* WORK INSTRUCTIONS
Beginning at the line that contains "Cửa nhôm Xingfa xếp trượt", repeat each line exactly through the last one of the records below, and leave out the pictures.

Items from a dataset
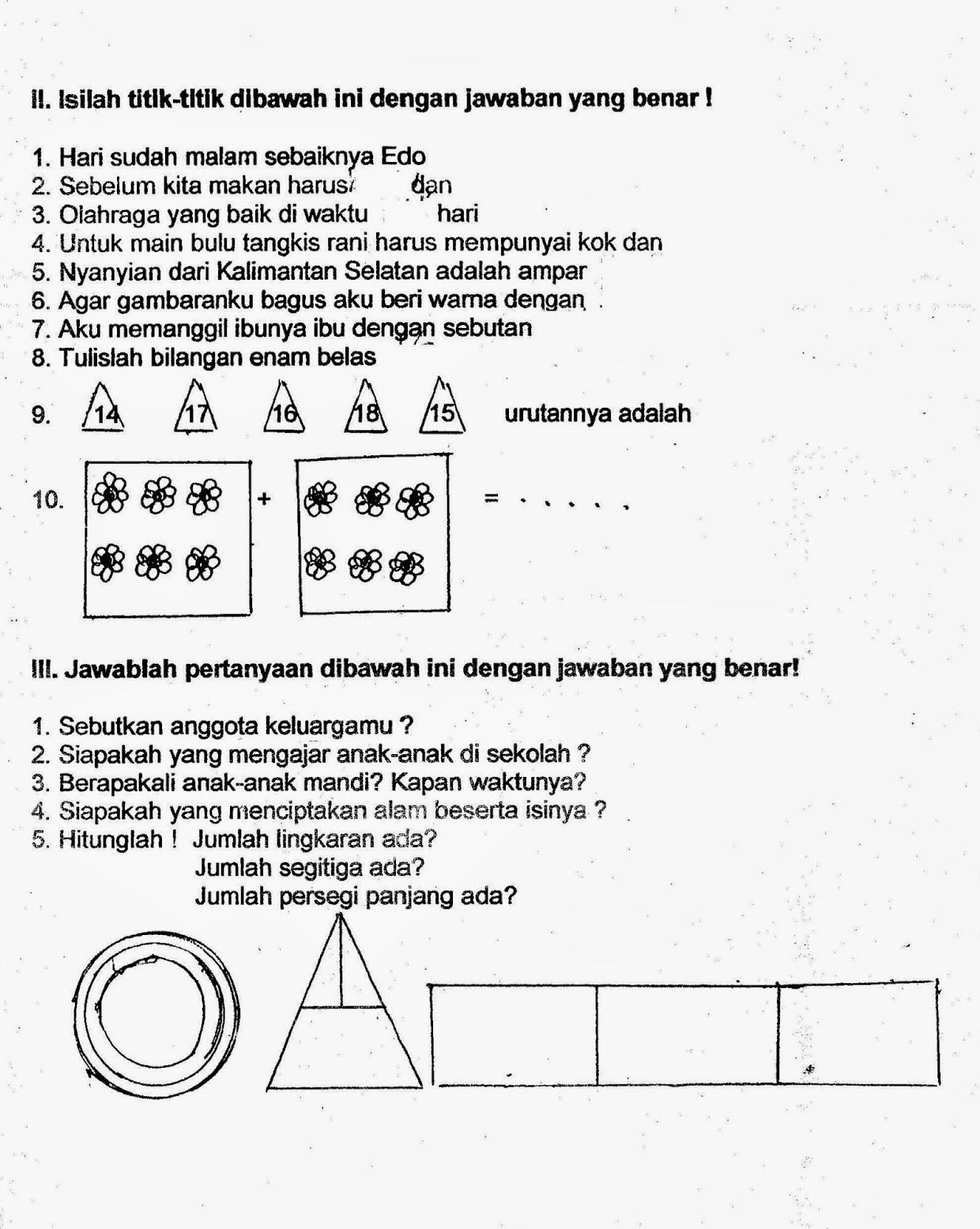 soal matematika kelas 3 sd semester 2 - wood scribd indo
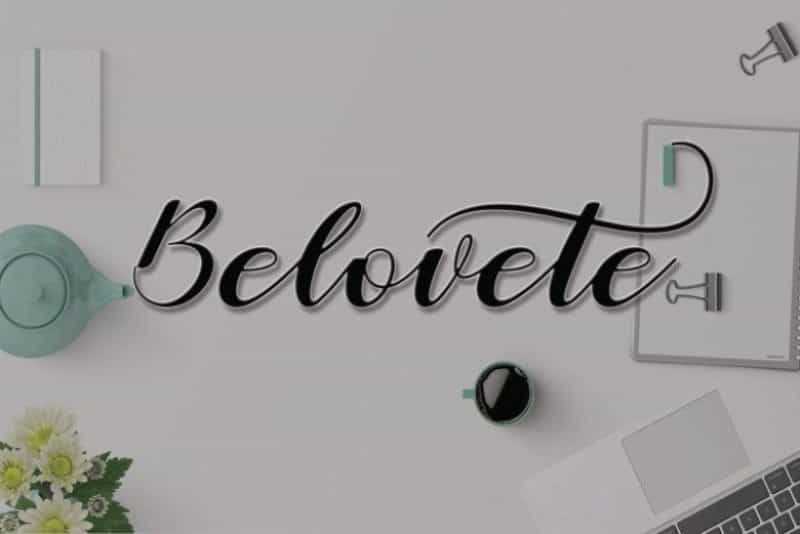 Junita Calligraphy Font Image 2
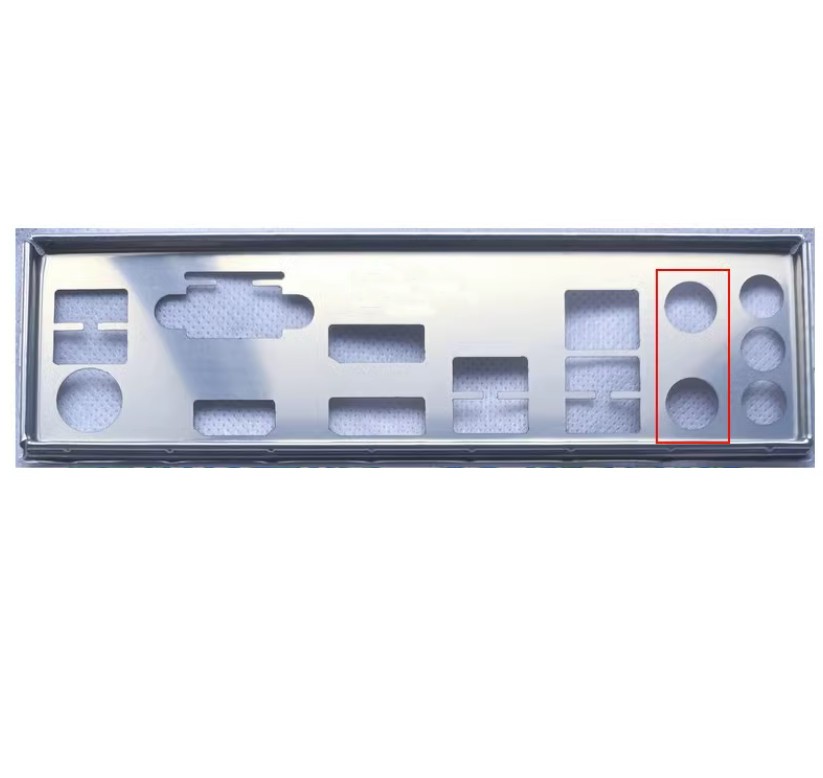 I/O IO shield Backplate For GIGABYTE H610I WIFI Motherboard Rear Baffle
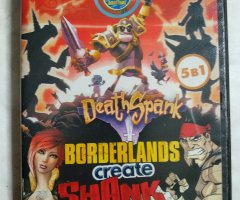 Игровой диск DeathSpank, Borderlands, Shank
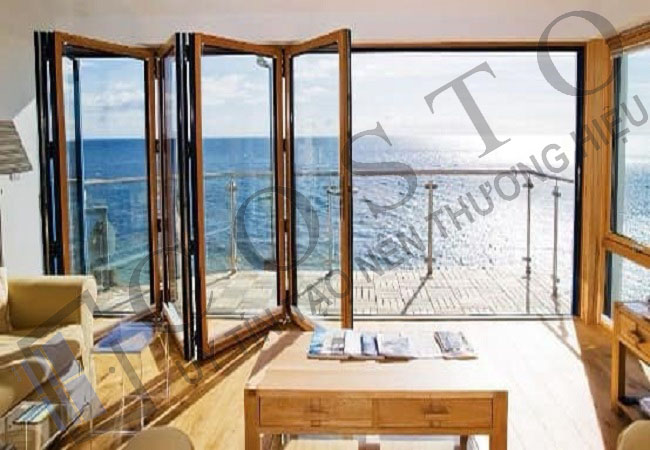 Cửa nhôm Xingfa xếp trượt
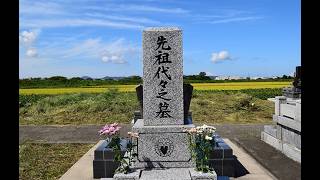 明日の墓参りの予定を決める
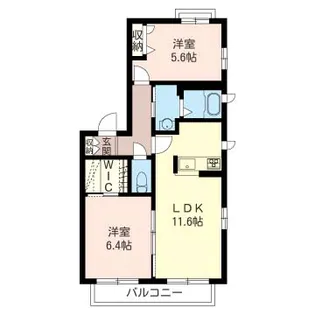 セントラル・ガーデンズII【2階】の間取り
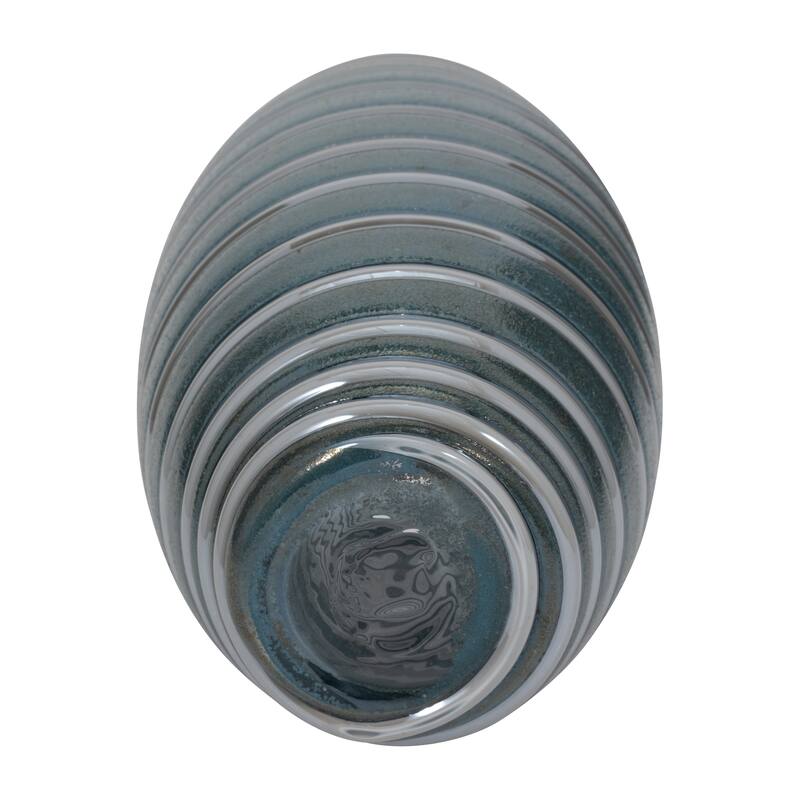 Glass Decorative Tray Marbled Swirl Pattern Modern Design Home Office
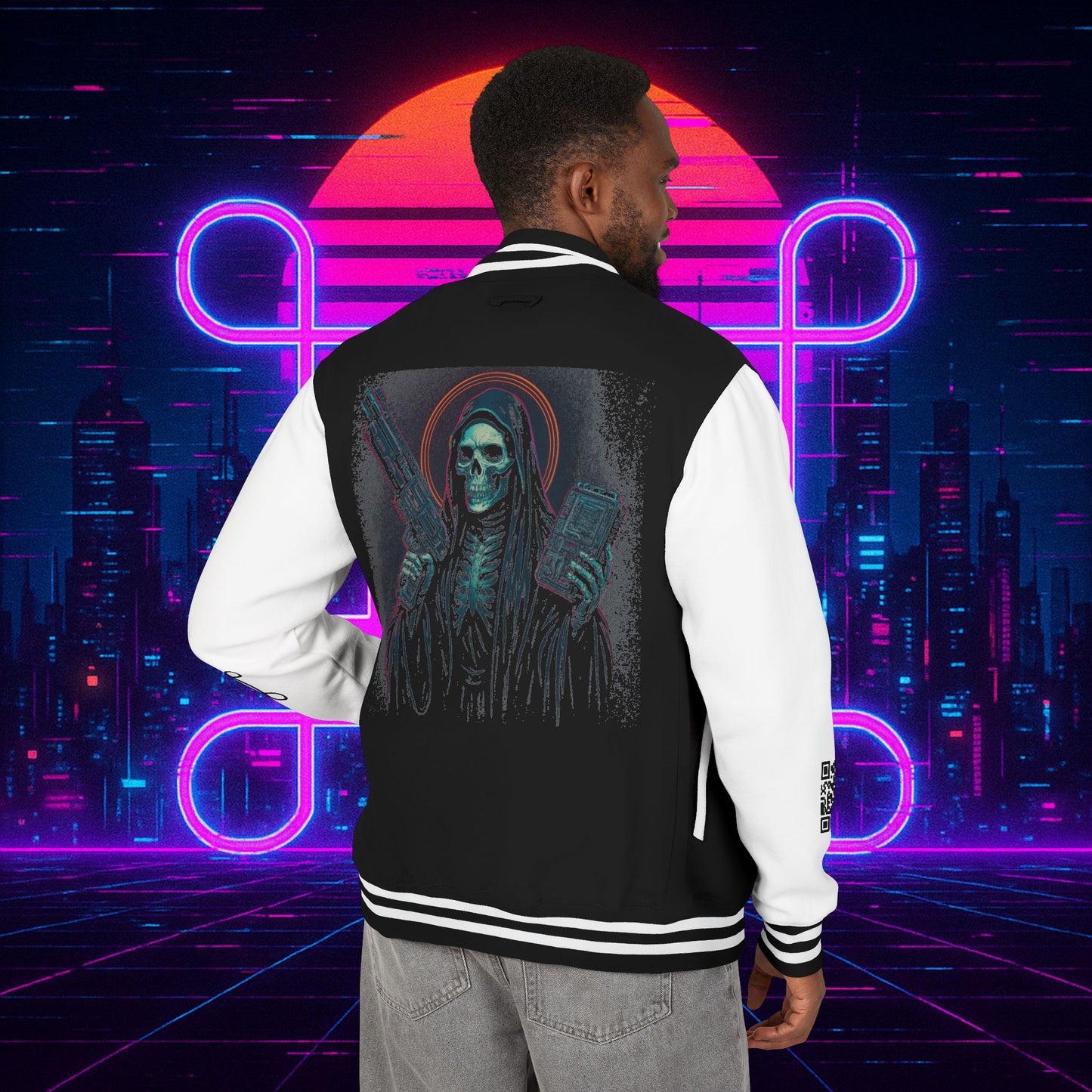 University of Santa Muerte Class of 2085 Unisex Letterman Jacket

* EXERCISE RESULT
 Cửa nhôm Xingfa xếp trượt
 明日の墓参りの予定を決める
 セントラル・ガーデンズII【2階】の間取り
 Glass Decorative Tray Marbled Swirl Pattern Modern Design Home Office
 University of Santa Muerte Class of 2085 Unisex Letterman Jacket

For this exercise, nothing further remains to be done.